WHAT IS EXPECTED: The response must be the exact lines from the one that contains "呪術廻戦 グッズ,両面宿儺 - 綿100％" through the end of the material, with no pictures and no additional lines.

SOURCE DATA:
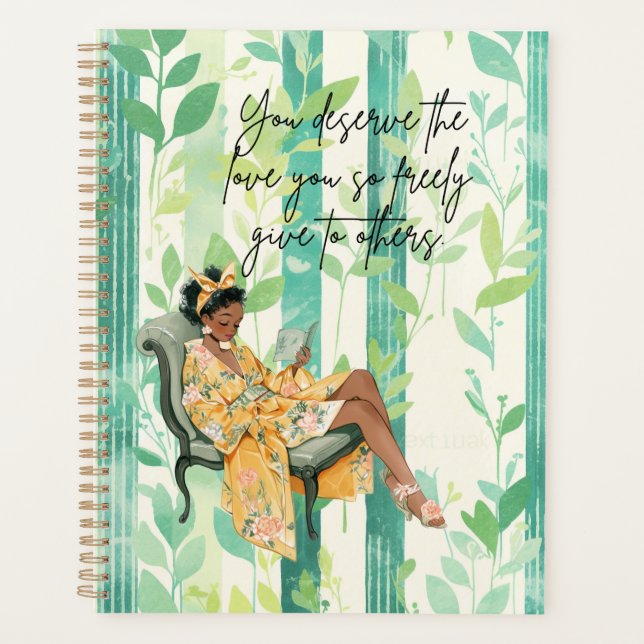 Black Woman Positive Affirmation  Planner (Front)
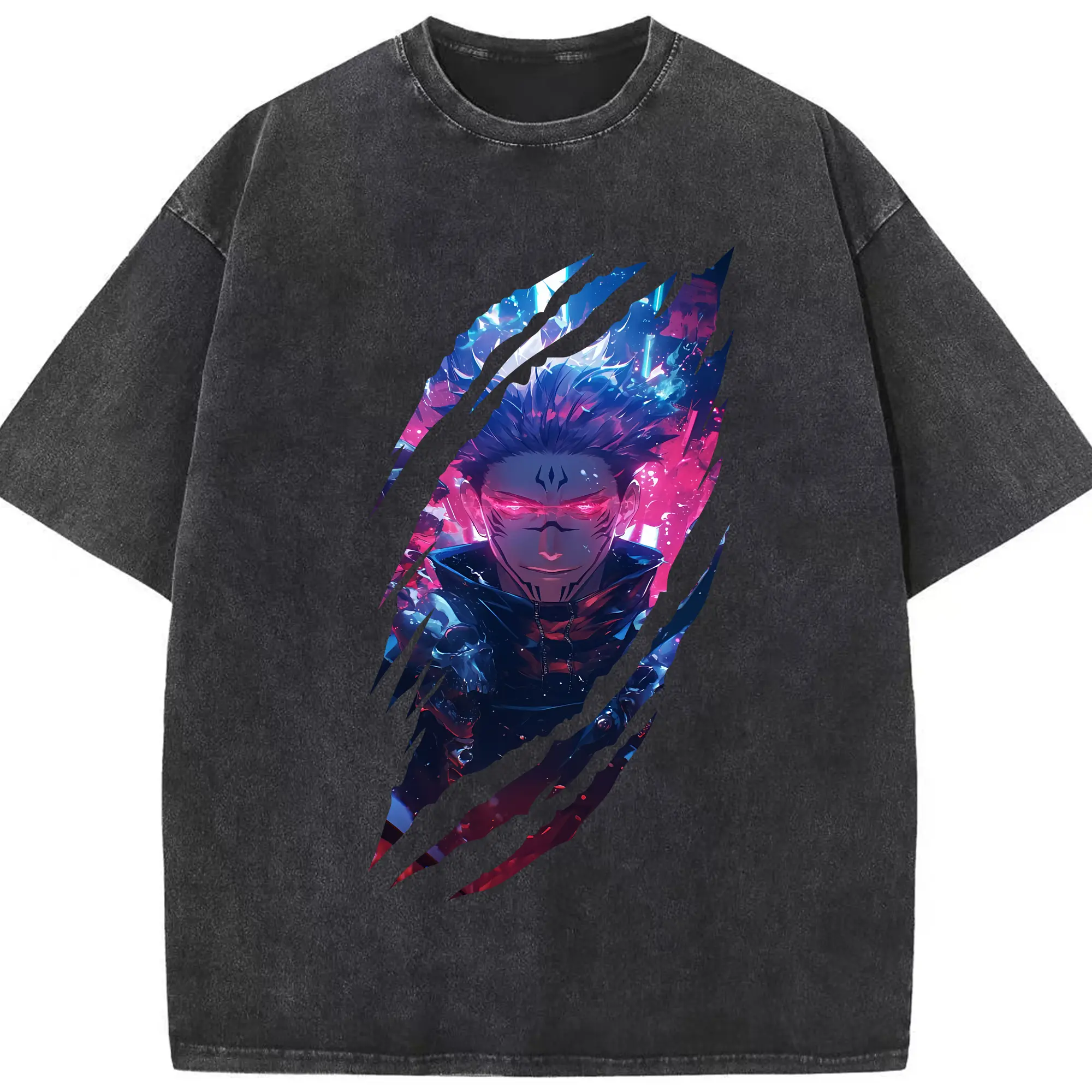 呪術廻戦 グッズ,両面宿儺 - 綿100％ ヴィンテージ風 半袖Tシャツ ・ フロントプリント ・ 柔らか肌触り ・ 通気性 快適 ・ スポーツ カジュアル 外出用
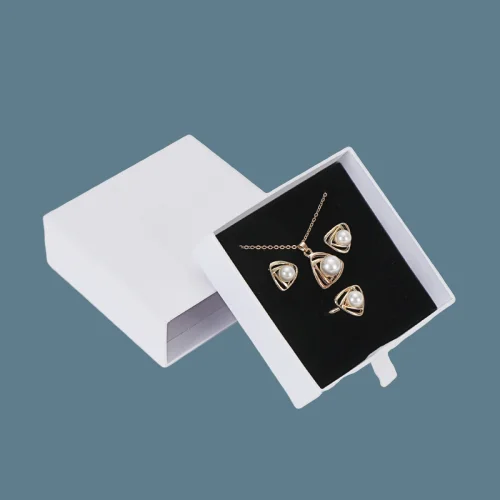 product-Customized paper white cardboard jewelry set box for earrings-Dezheng-img-1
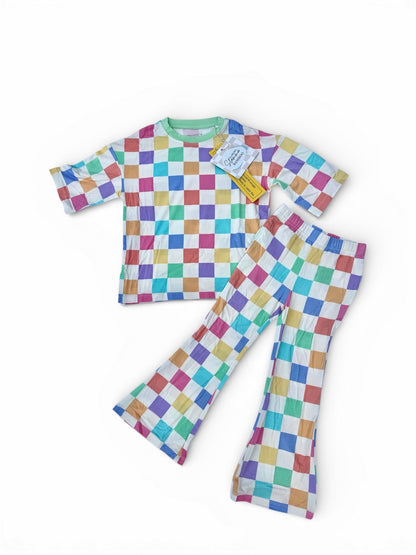 Spring Checks Oversized Tee and Flares Daywear Set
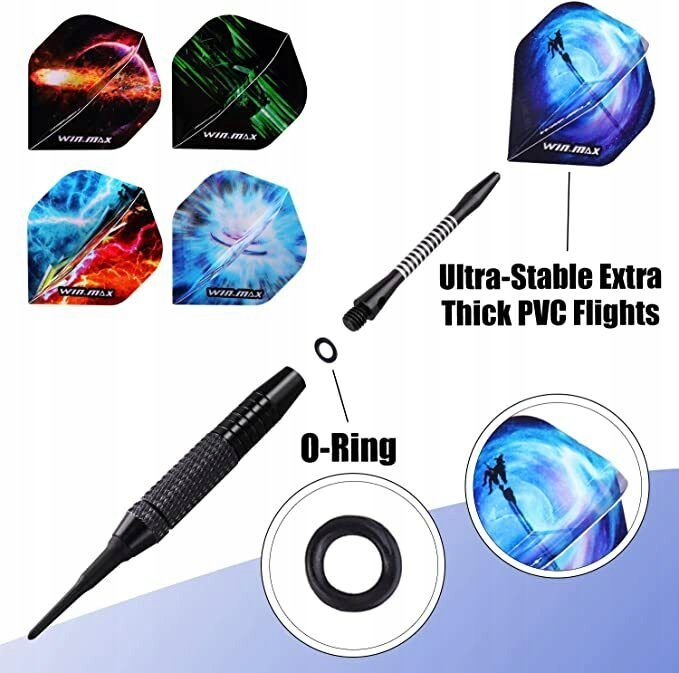 RZUTKI DO DARTA WIN MAX DARTPFEILE 12 SZT. PROFESJONALNE LOTKI ZESTAW PRO Marka Win Max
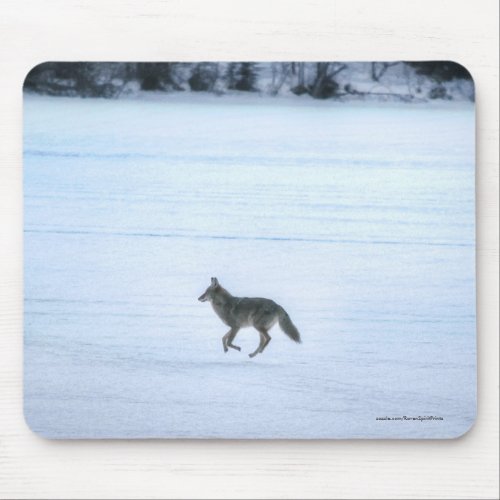 Grey Wolf Crossing Frozen Lake 4 Gift Mousepad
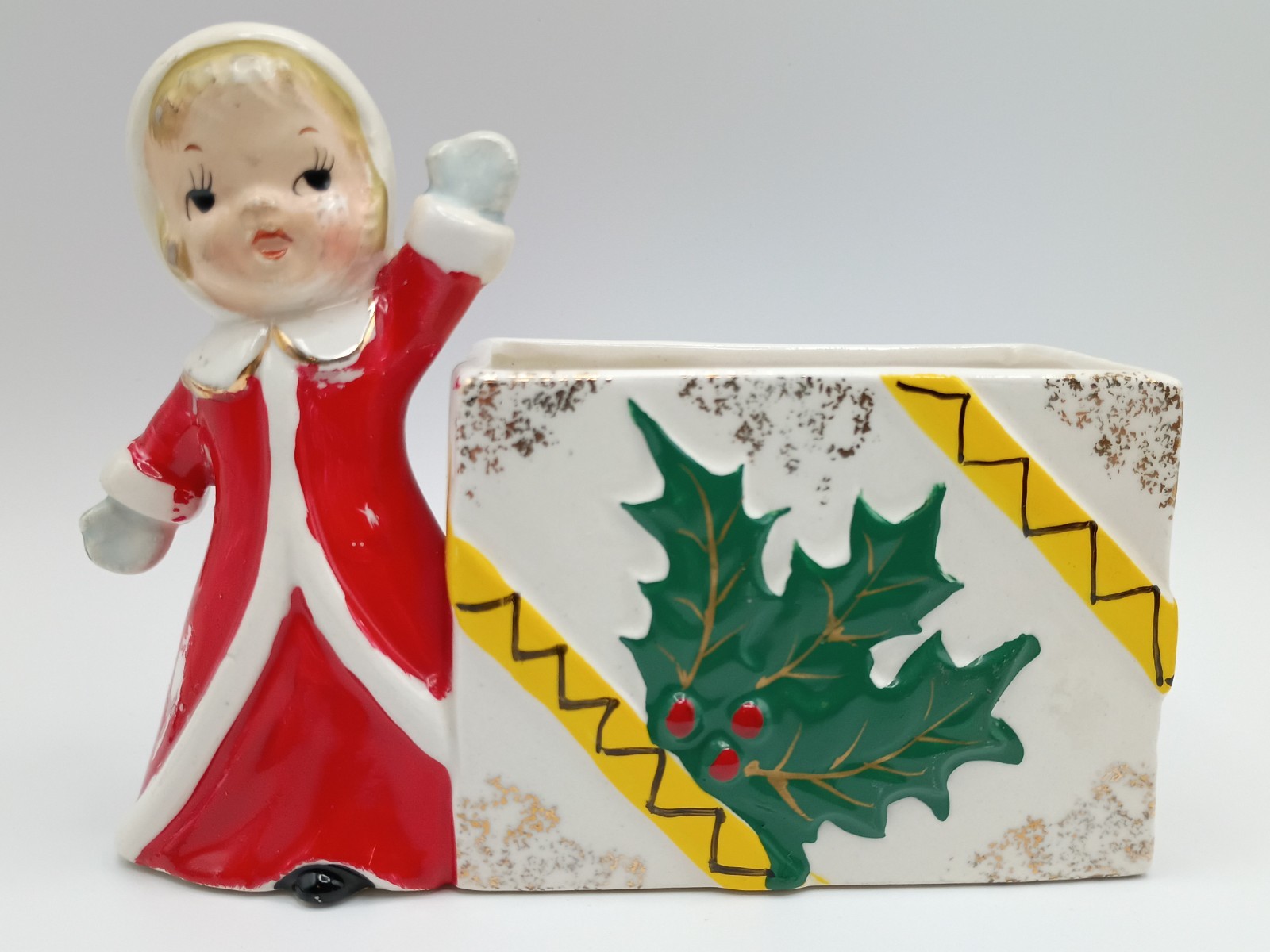 Vintage Norcrest Mrs Claus Girl Holly Planter Fine China Japan Christmas 4\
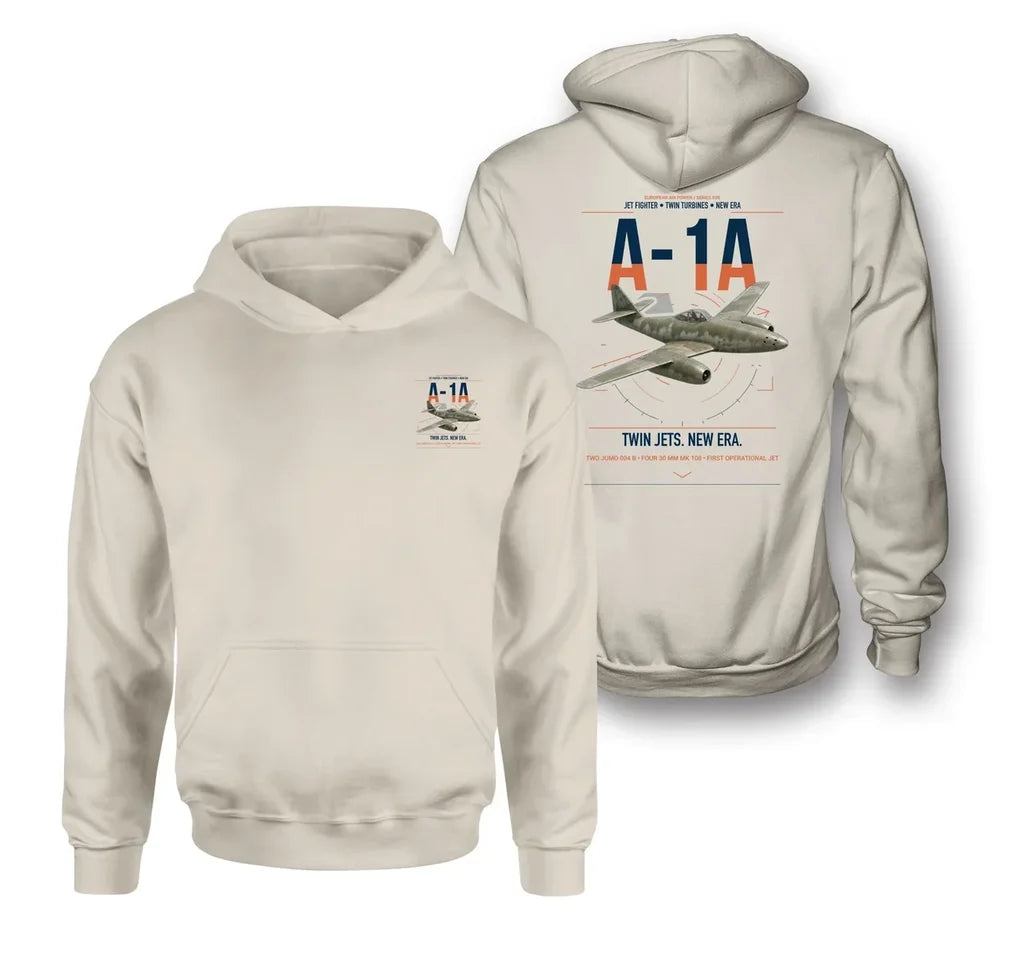 Messerschmitt Me 262A-1a design on khaki double-side hoodie, double-side print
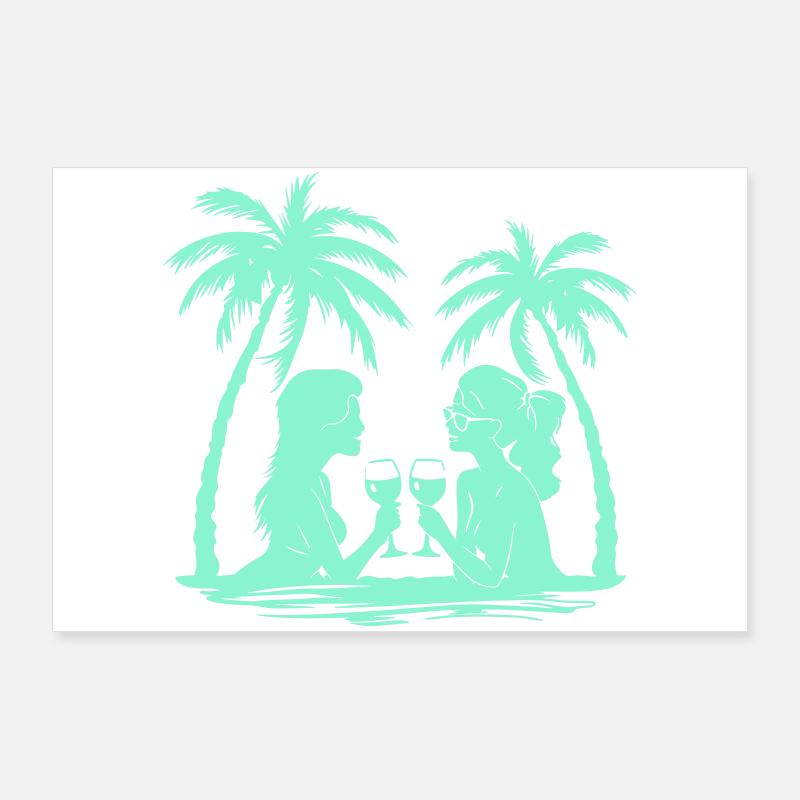 Frauen Silhouetten Design Poster 90x60 cm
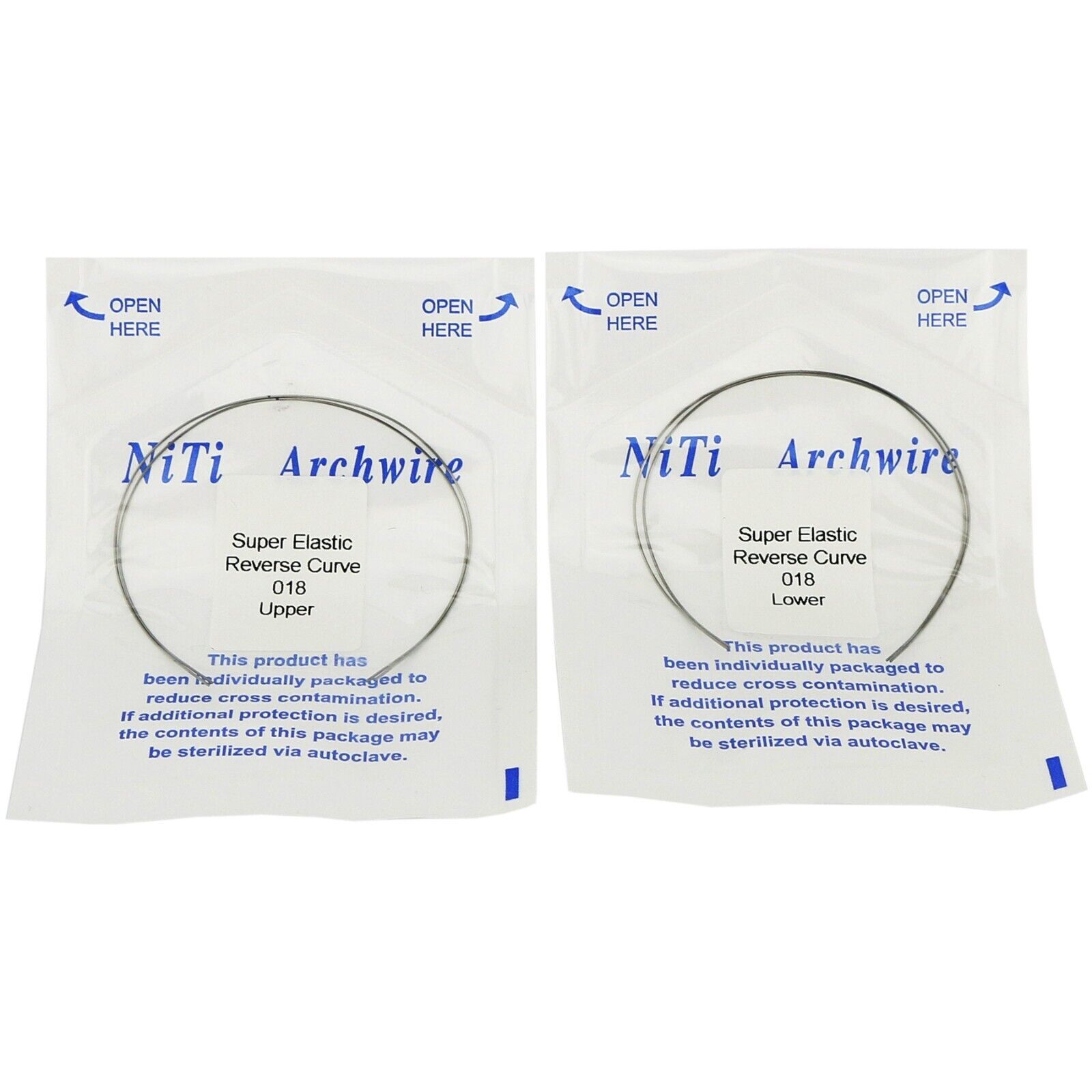 Dental Orthodontic Niti Arch Wire Reverse Curve Round Upper/Lower 012-020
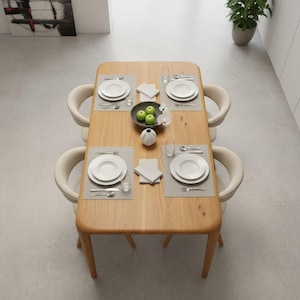 Table de salle à manger en noyer Live Edge : design moderne rustique fabriqué à la main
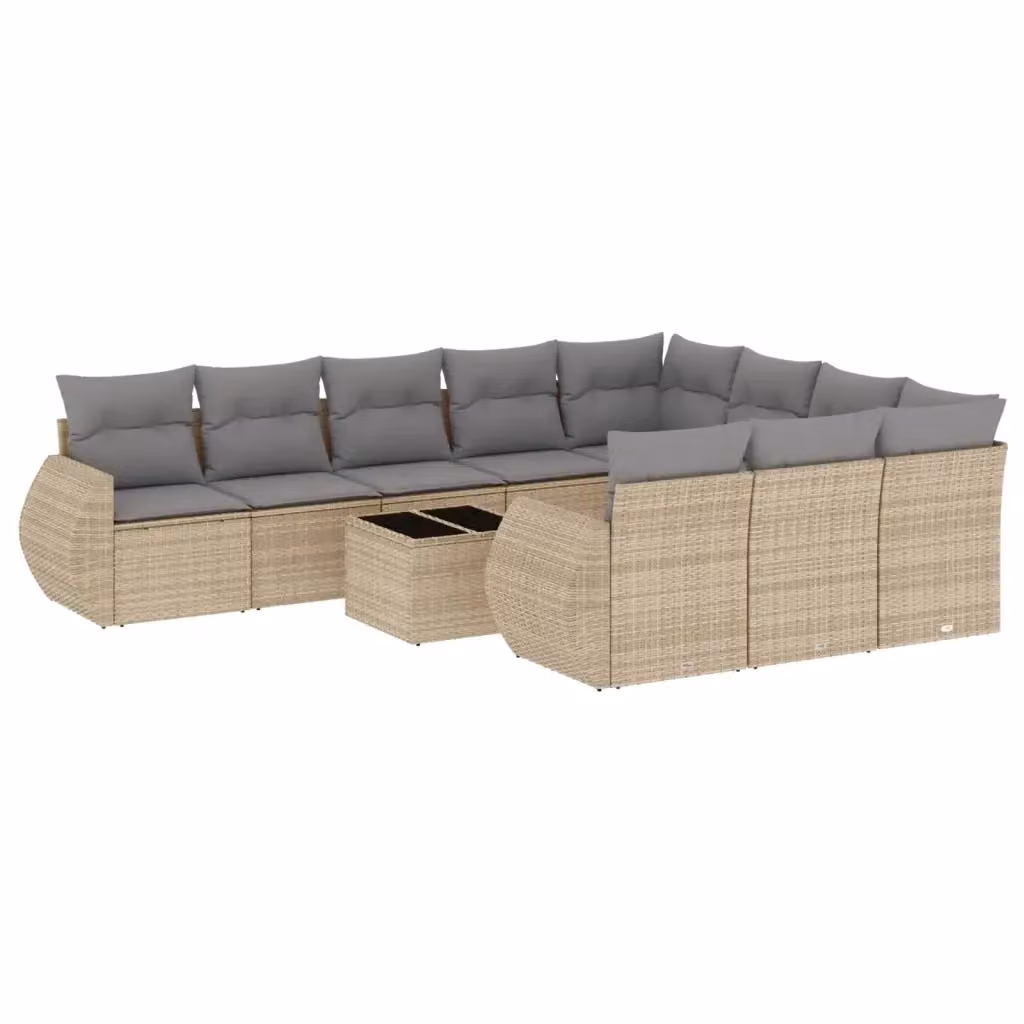 vidaXL Set Divani da Giardino 11 pz in Polyrattan Beige con Cuscini e Tavolino da Esterno – 2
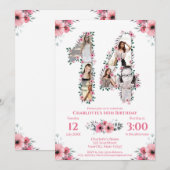 Invitation 14e anniversaire fille photo Collage rose Fleur bl (Devant / Derrière)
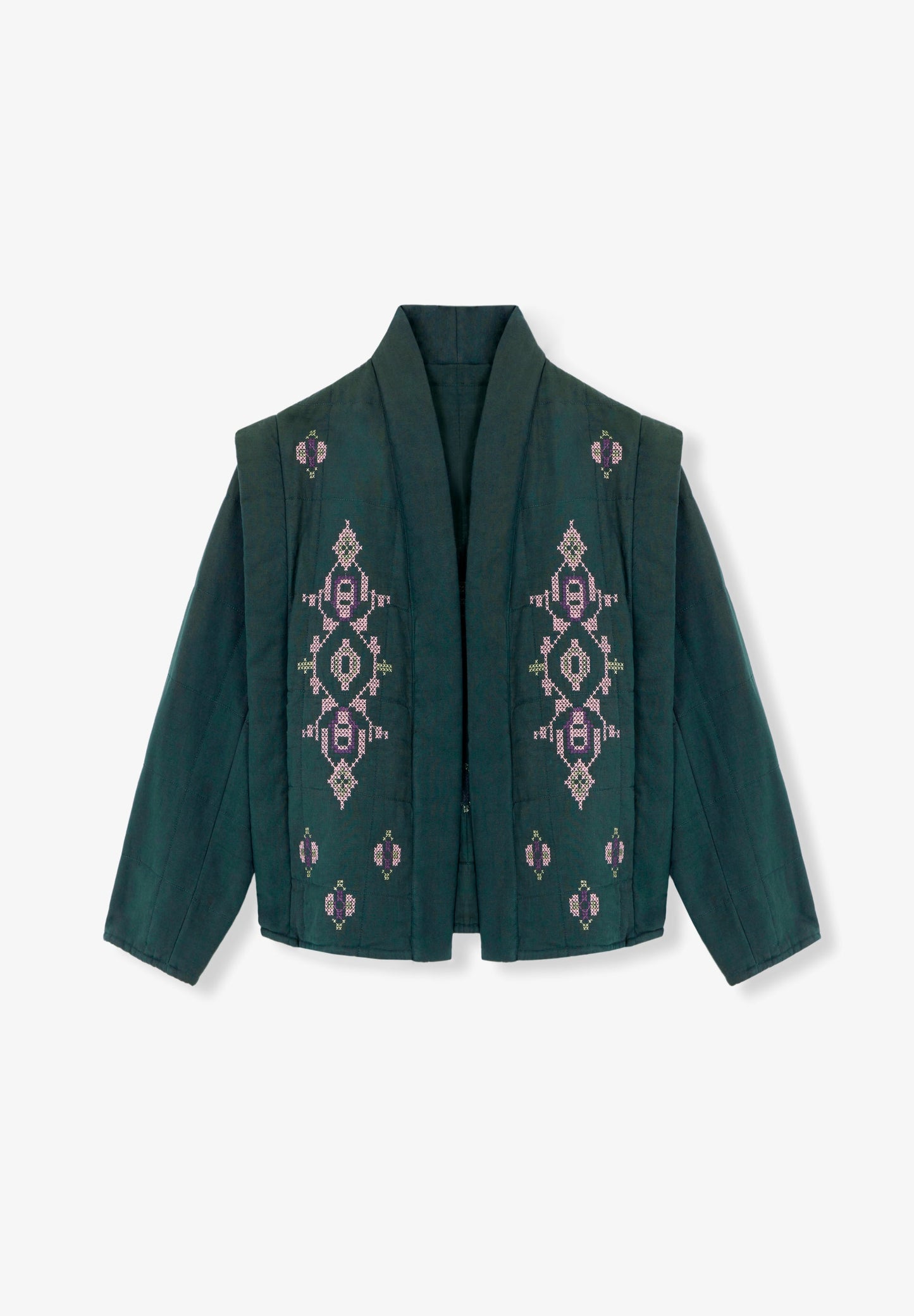 QUILTED CARDIGAN WITH EMBROIDERED DETAILS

EXERCISE OUTPUT:
 呪術廻戦 グッズ,両面宿儺 - 綿100％ ヴィンテージ風 半袖Tシャツ ・ フロントプリント ・ 柔らか肌触り ・ 通気性 快適 ・ スポーツ カジュアル 外出用
 product-Customized paper white cardboard jewelry set box for earrings-Dezheng-img-1
 Spring Checks Oversized Tee and Flares Daywear Set
 RZUTKI DO DARTA WIN MAX DARTPFEILE 12 SZT. PROFESJONALNE LOTKI ZESTAW PRO Marka Win Max
 Grey Wolf Crossing Frozen Lake 4 Gift Mousepad
 Vintage Norcrest Mrs Claus Girl Holly Planter Fine China Japan Christmas 4\
 Messerschmitt Me 262A-1a design on khaki double-side hoodie, double-side print
 Frauen Silhouetten Design Poster 90x60 cm
 Dental Orthodontic Niti Arch Wire Reverse Curve Round Upper/Lower 012-020
 Table de salle à manger en noyer Live Edge : design moderne rustique fabriqué à la main
 vidaXL Set Divani da Giardino 11 pz in Polyrattan Beige con Cuscini e Tavolino da Esterno – 2
 Invitation 14e anniversaire fille photo Collage rose Fleur bl (Devant / Derrière)
 QUILTED CARDIGAN WITH EMBROIDERED DETAILS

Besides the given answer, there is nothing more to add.